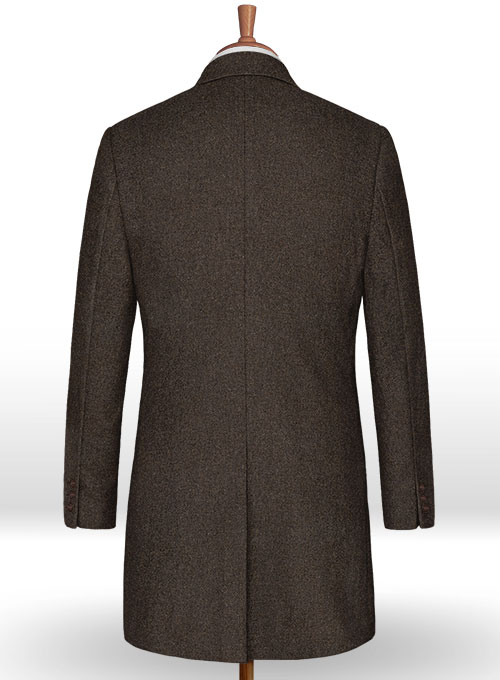 Light Weight Dark Brown Tweed Overcoat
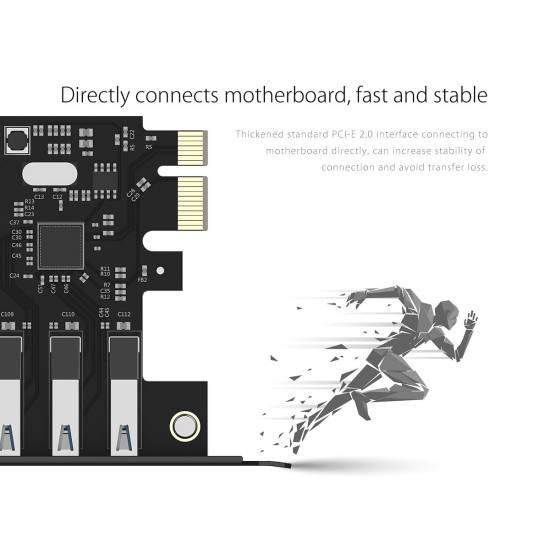 PCIe карта Orico PCI-E card 7 x USB3.0 port 5Gbps - PVU3-7U-V1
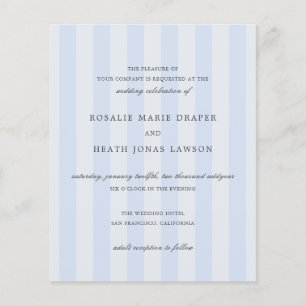 Flyer Convite de Casamento Elegante com Listras Azuis Mo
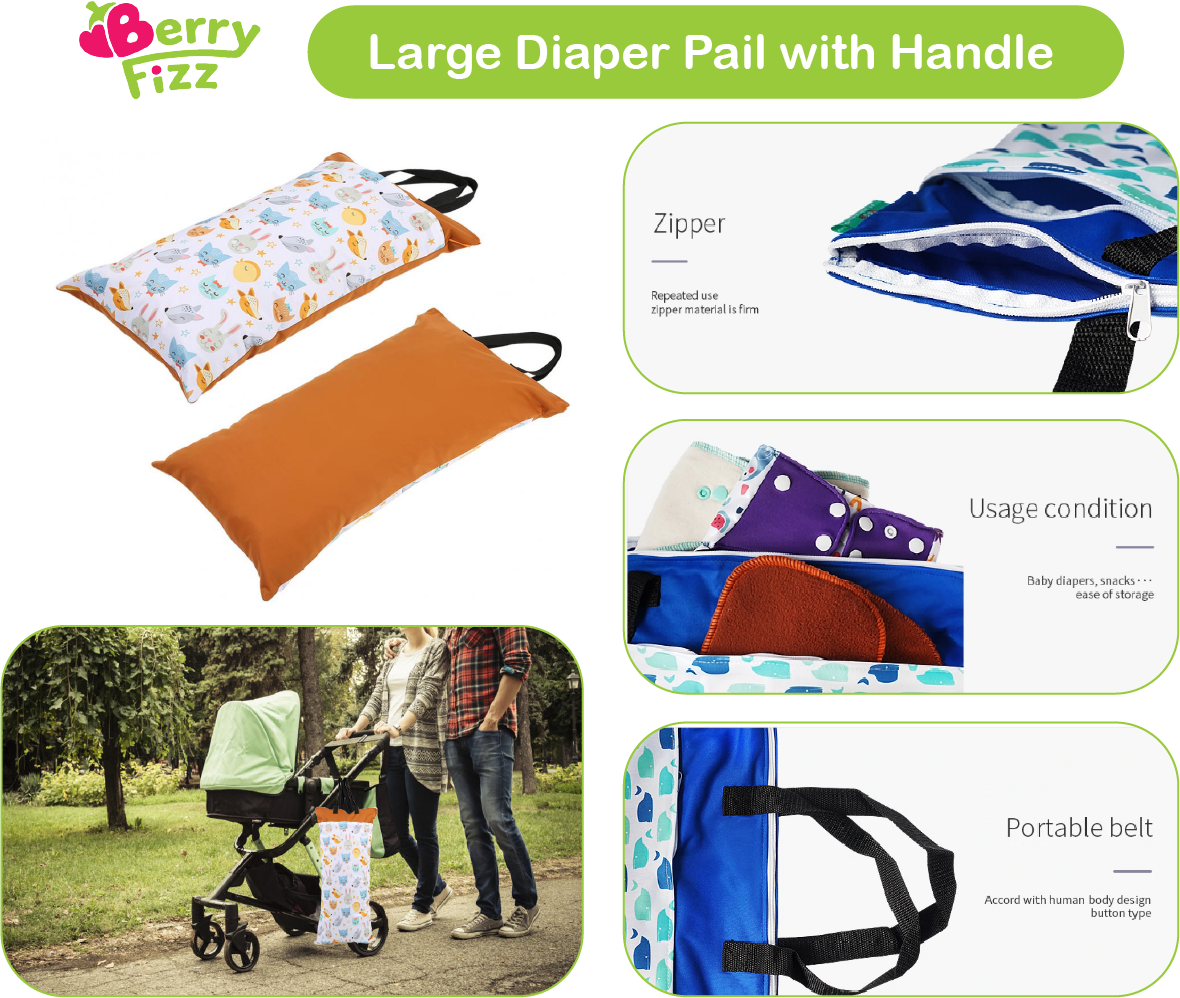 Feathers 1pc Hanging Large Wet Laundry Bag Double Zipper Waterproof 40x70cm Cloth diaper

- _Your objective_
What is needed is an exact copy of the data, with the pictures removed.

- _Solution_
 Light Weight Dark Brown Tweed Overcoat
 PCIe карта Orico PCI-E card 7 x USB3.0 port 5Gbps - PVU3-7U-V1
 Flyer Convite de Casamento Elegante com Listras Azuis Mo
 Feathers 1pc Hanging Large Wet Laundry Bag Double Zipper Waterproof 40x70cm Cloth diaper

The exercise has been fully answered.